Compared to the figures provided by Holdaway in 1942, Hawai`i has not made progress in agricultural self-sufficiency. Of the vegetables he lists, Hawai`i remains almost self-sufficient only for burdock (producing 86 percent of the 267,000 pounds consumed in the state in 1992); and Chinese cabbage (92 percent self-sufficient in 1992). For green beans, less than half of the 1.2 million pounds consumed in 1992 were produced in the state. Hawai`i produced 64 percent of the eggplant consumed locally, and 58 percent of the dasheen. Instead of being 62 percent self-reliant in tomato production, Hawai`i had slipped to producing just 26 percent of the tomatoes consumed locally.

While Holdaway reports a pre-war self-sufficiency of 96 percent for cucumbers, by 1992, it was 61 percent. As for pumpkins, the locally grown share of the market slipped to just 7 percent.

The percent of market share for cabbage produced locally has held pretty steady since 1942, with 87 percent being grown here in 1992. For beets, the story is altogether different: local production of beets had disappeared off the statistical screen by 1992. The same holds true for fresh asparagus: local production is statistically insignificant.

Holdaway could boast in 1942 of self-sufficiency in taro. Fifty years later, imports accounted for 40 percent of local consumption.2

An Impossible Goal

With the plantations going out of business, thousands of acres of the most fertile land in the state are suddenly freed up for other purposes.
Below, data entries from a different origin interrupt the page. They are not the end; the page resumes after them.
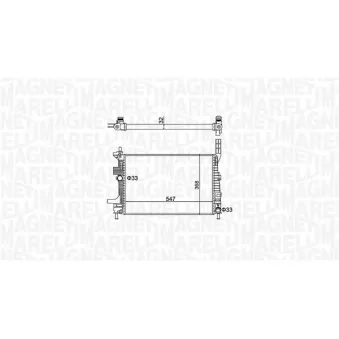 Radiateur, refroidissement du moteur MAGNETI MARELLI 350213159700
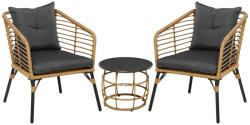 AOSOM 3 részes kerti bisztró szett ülőgarnitúra étkezőgarnitúra kerti szett szürke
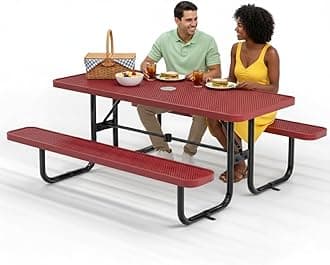 - Commercial Heavy-Duty Metal Picnic Table - ADA Compliant, Adjustable Seats, Umbrella Hole (Red, 6' Rectangular, Punched Steel)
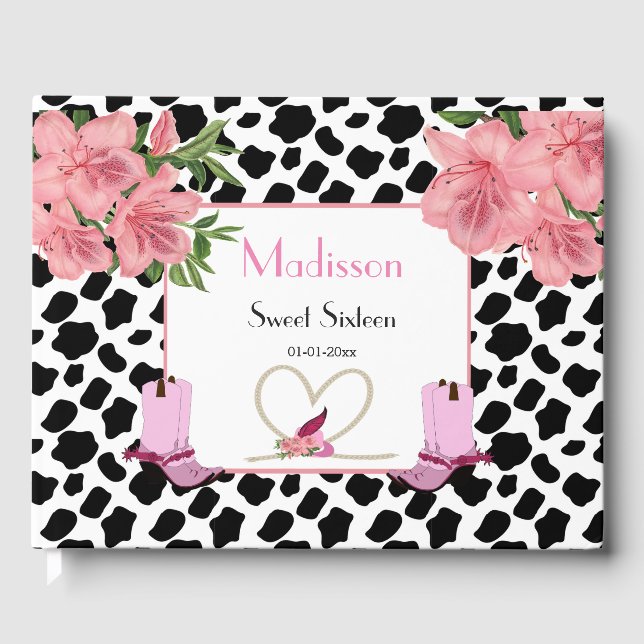 SWEET SIXTEEN Cowgirl birthday party Guest Book (Front)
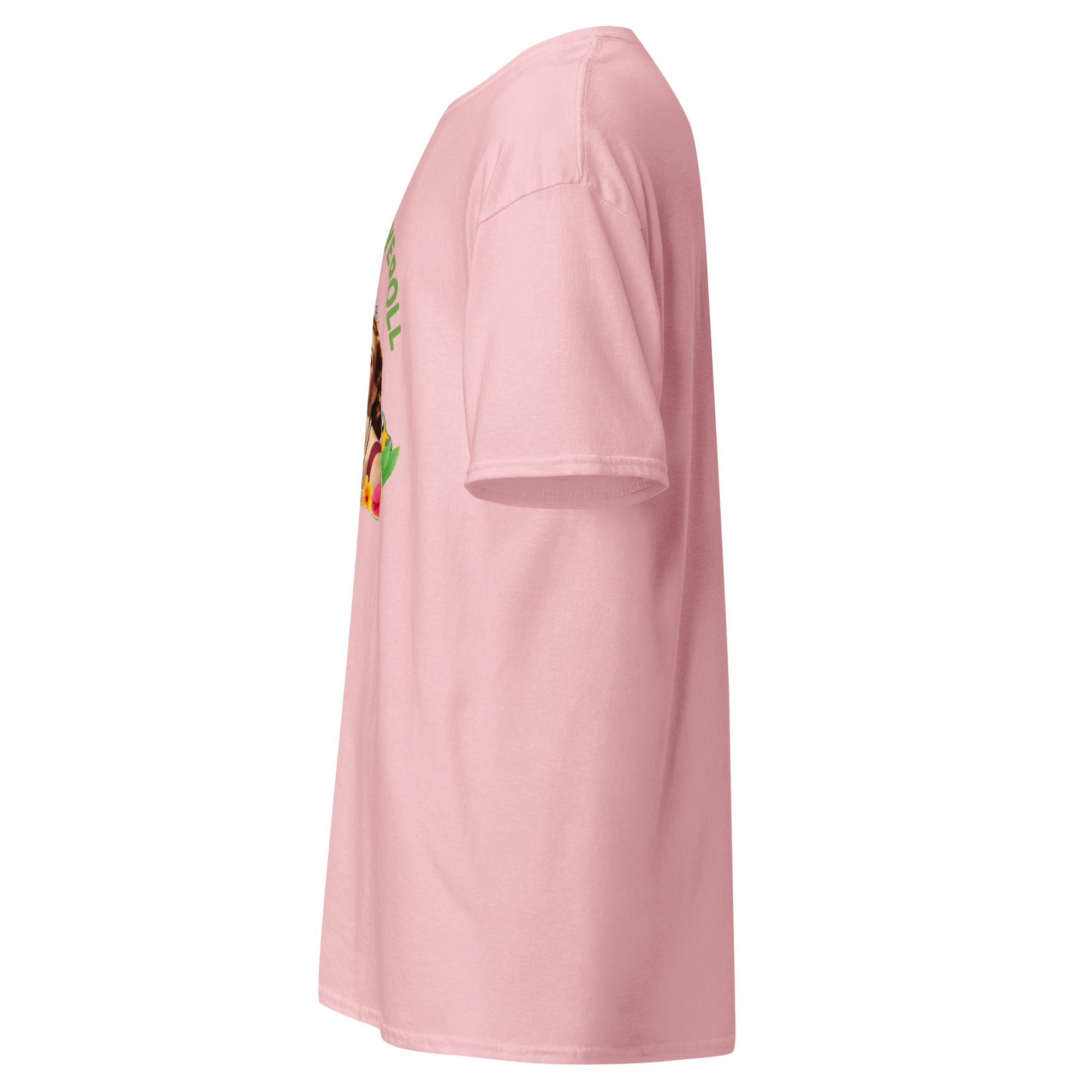 Left side view of a unisex light pink statement t-shirt by Pepa de Mango, featuring bold graphic art and sarcastic text. Soft cotton fabric and relaxed fit.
Potentially the most lucrative use of the land lies in urban development — residential, commercial, or industrial. Few people today openly support the wholesale conversion of cane land into the urban land use district, however.

If the land is to continue to be used for agriculture, the question then becomes: What type of agriculture provides the best return on investment? For a century and a half, Hawai`i has grown crops that are sold to a national market. In the search to replace sugar and pineapple, other specialized crops, to be marketed nationally and internationally, are being discussed — coffee, tropical fruits, exotic herbs and the like — as well as golf greens (described at one point by Department of Agriculture Director Yukio Kitagawa as crops in a certain sense). While production for the local market has been included in the discussion, it has not been given the same attention as the search for crops to be marketed on the same scale as sugar and pineapple.

In the past, the sugar industry has frankly acknowledged the reasons plantations have not grown crops for the local market. Harold L. Lyon, director of the HSPA, wrote in 1941 to Governor Poindexter, “It should be obvious to any student making a careful examination of the situation that anyone undertaking the production of truck crops in Hawai`i on a scale sufficient to satisfy the local demand for these crops is embarking on a course that will lead to financial disaster if mainland produce has continued access to our market.”

Have conditions changed so much that today crops grown for the local market can provide a return on investment to land owners that is equal to the profit they might receive for growing crops for sale on the national and international markets? Whether Hawai`i becomes agriculturally self-sufficient or not hinges on the answer to that question.

1 See O`ahu Sugar Company, Ltd., annual report, 1936, page 13.
2 Figures are taken from Statistics of Hawaiian Agriculture, 1992, published by the Hawai`i Department of Agriculture, Marketing Division, and the United States Department of Agriculture, National Agricultural Statistics Service.